La responsabilità per i danni cagionati da cose in custodia, prevista dall’art. 2051 c.c., ha carattere oggettivo, essendo sufficiente, per la sua configurazione, la dimostrazione da parte dell’attore del verificarsi dell’evento dannoso e del suo rapporto di causalità con il bene in custodia: una volta provate queste circostanze, il custode, per escludere la sua responsabilità, ha l’onere di provare il caso fortuito, ossia l’esistenza di un fattore estraneo che, per il suo carattere di imprevedibilità e di eccezionalità, sia idoneo ad interrompere il nesso causale.

Tuttavia, nei casi in cui il danno non sia effetto di un dinamismo interno alla cosa, scatenato dalla sua struttura o dal suo funzionamento, ma richieda che l’agire umano, e in particolare quello del danneggiato, si unisca al modo di essere della cosa, essendo essa di per sé statica e inerte, per la prova del nesso causale occorre dimostrare che lo stato dei luoghi presentava un’obiettiva situazione di pericolosità, tale da rendere molto probabile, se non inevitabile, il danno.

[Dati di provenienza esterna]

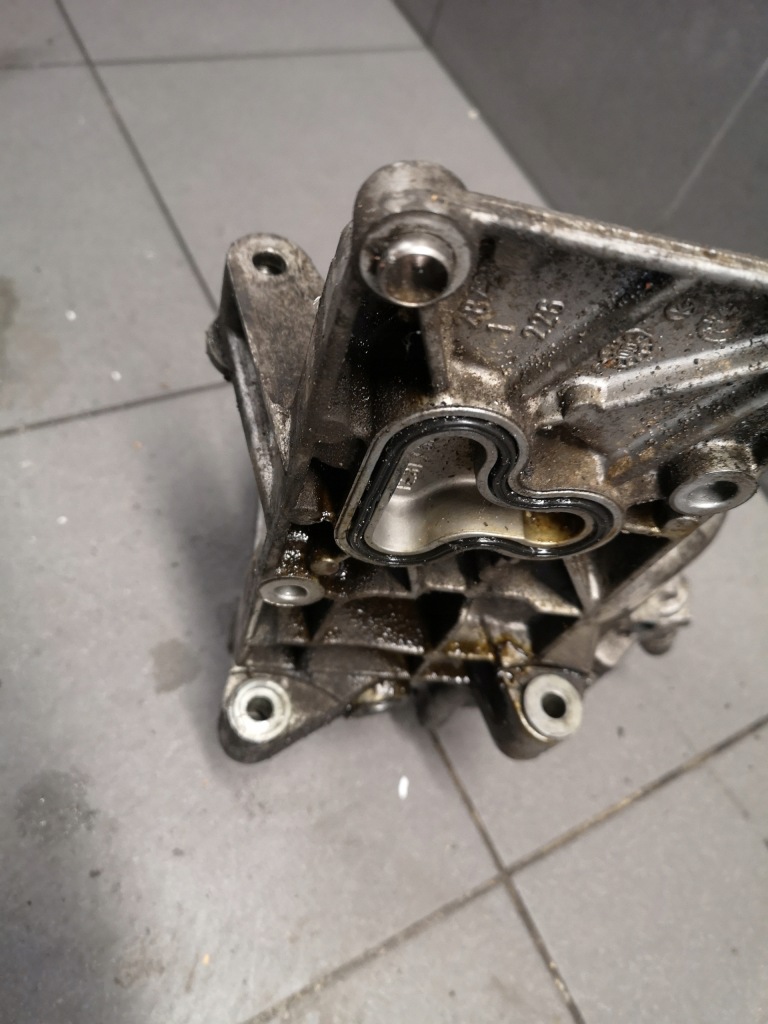 Генератор bmw e65 7508607 с Разборки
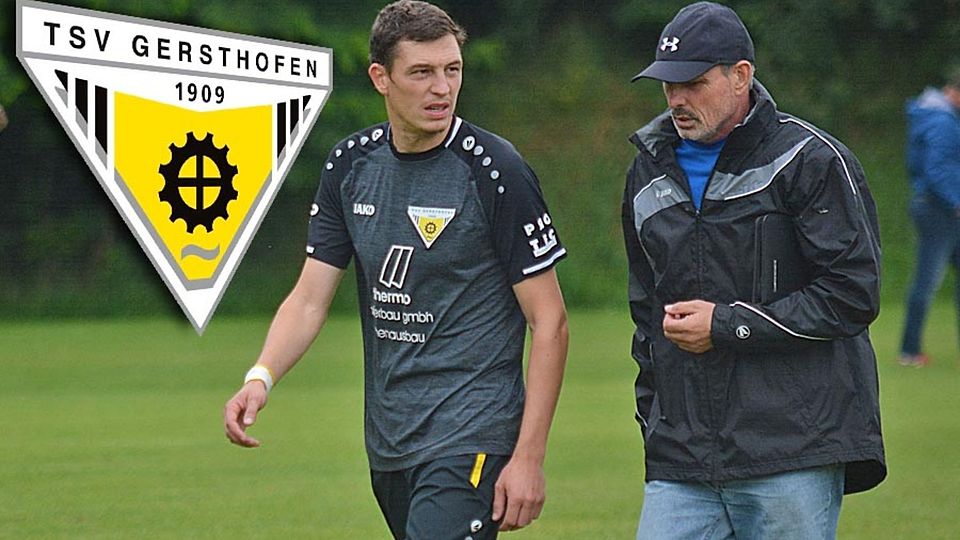 Vater und Sohn bilden das Trainerduo beim TSV Gersthofen: Abwehrrecke Michael Hildmann ist als kickender Coach der verlängerte Arm von Cheftrainer Gerhard Hildmann.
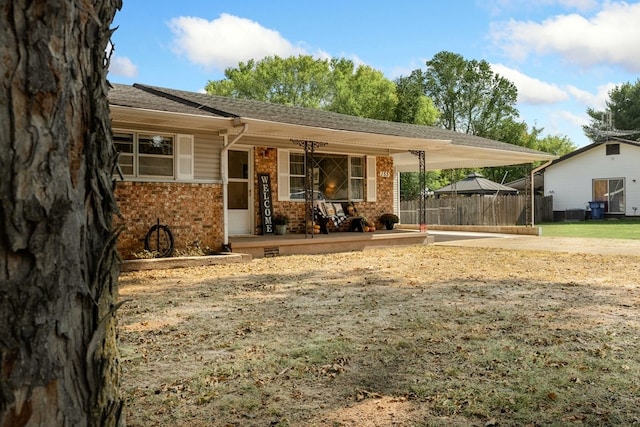 view of front of house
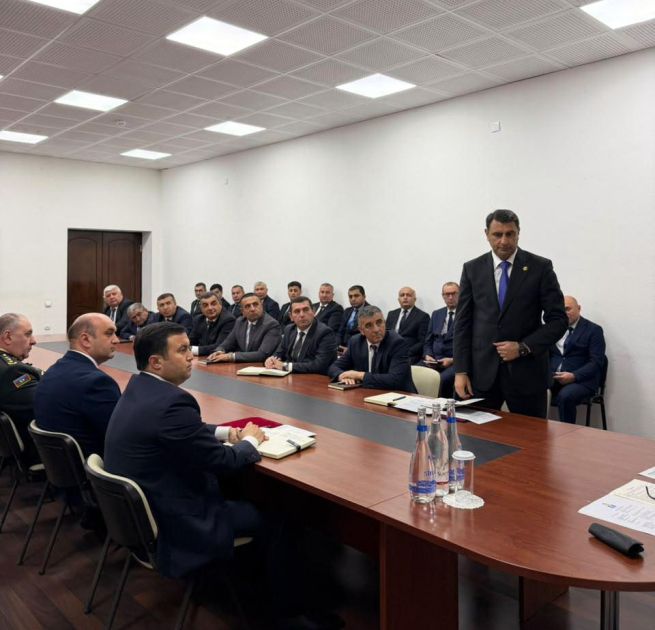 Gədəbəyin yeni icra başçısı kollektivə təqdim olundu - FOTO 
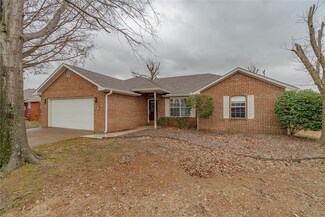 2404 W Seminole Dr, Rogers, AR 72758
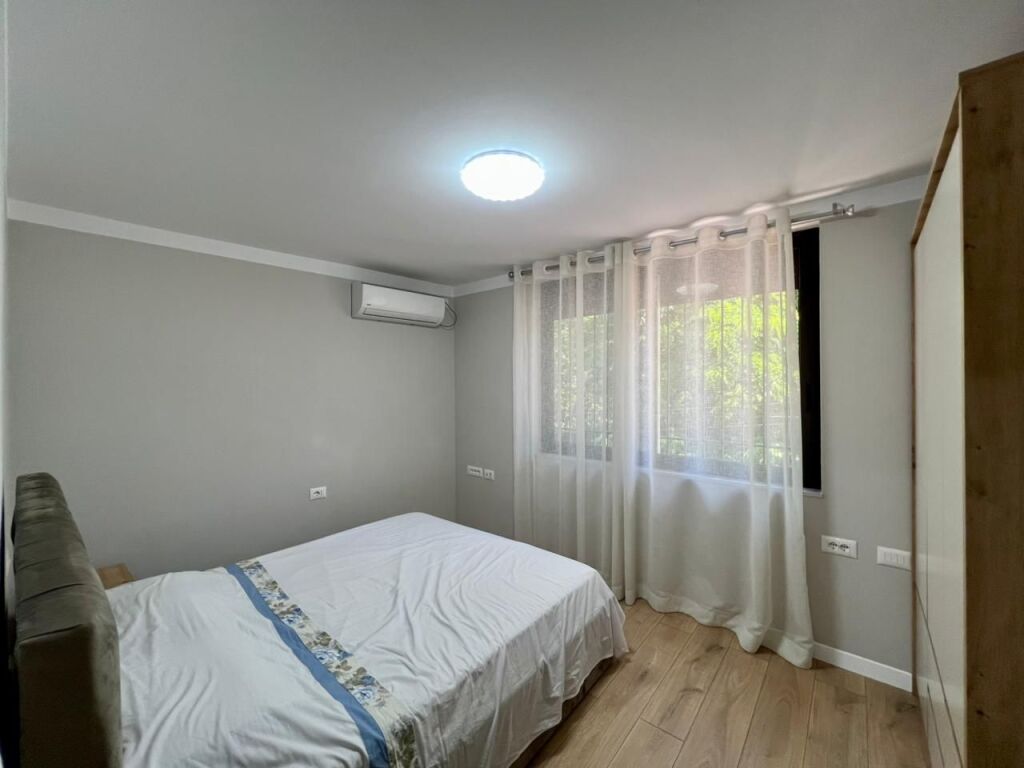 Rent, Apartment 1+1, "Shkolla e Kuqe", Tirana.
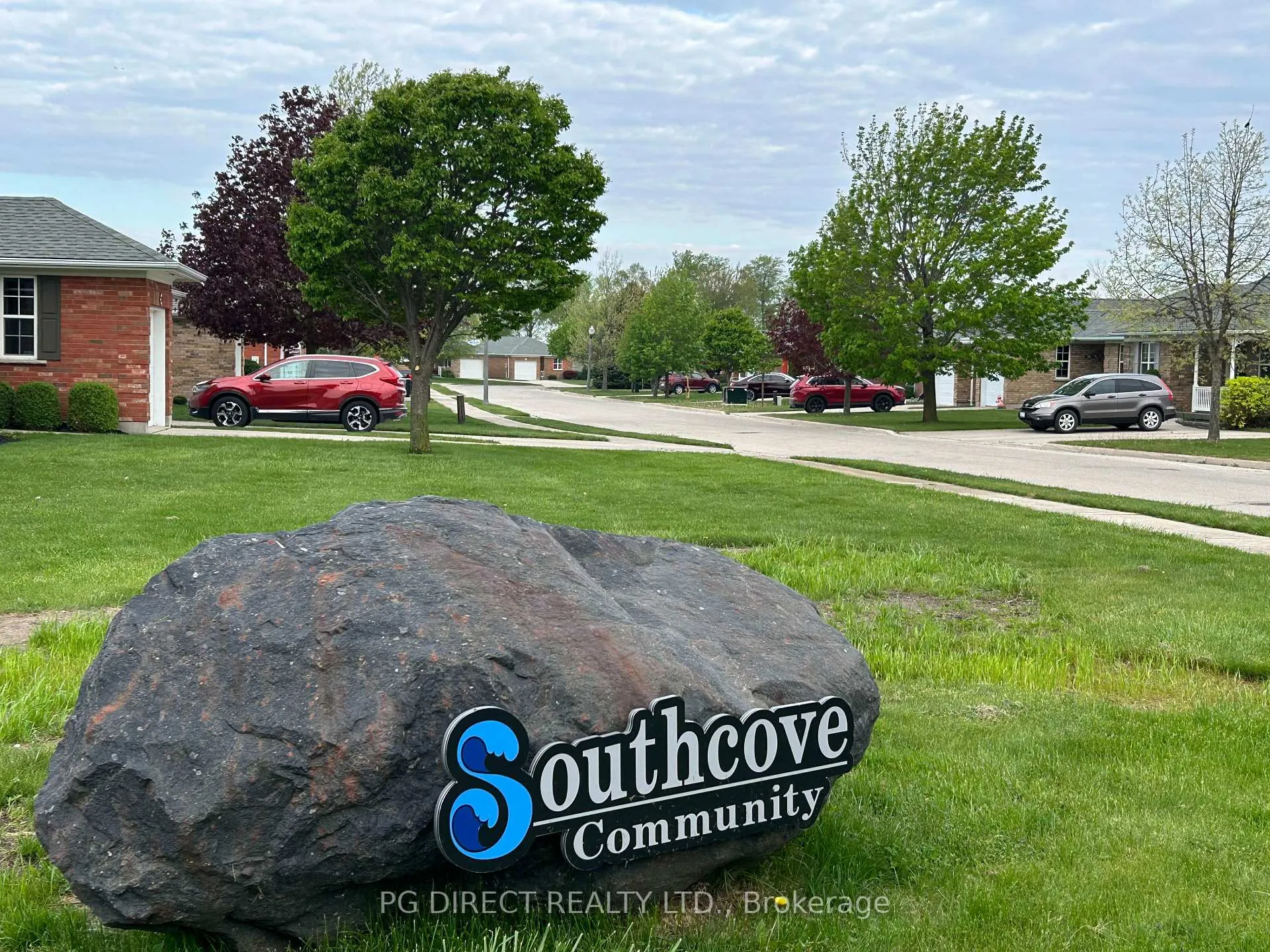 Photo 2 of 237 Bethune Crescent, Goderich, Goderich (Town) — HOMEH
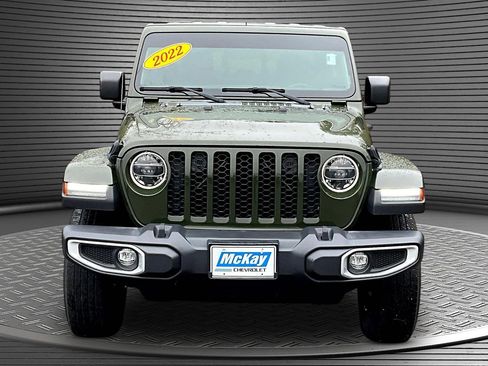 Used 2022 Jeep Gladiator Sport image 2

Nel casi di specie, è stato escluso il risarcimento in favore del danneggiato, che era caduto da uno scalino di una scaletta di ferro che consentiva la discesa a mare, atteso che il fatto che sugli ultimi gradini della scala non fossero state applicate strisce antiscivolo non era incompatibile con una struttura dei gradini di per sé predisposta per evitare di scivolare; il Giudice di Merito aveva inoltre evidenziato che il particolare luogo in cui era avvenuto l’infortunio richiedeva, da parte dei fruitori, una particolare attenzione, a esso adeguata.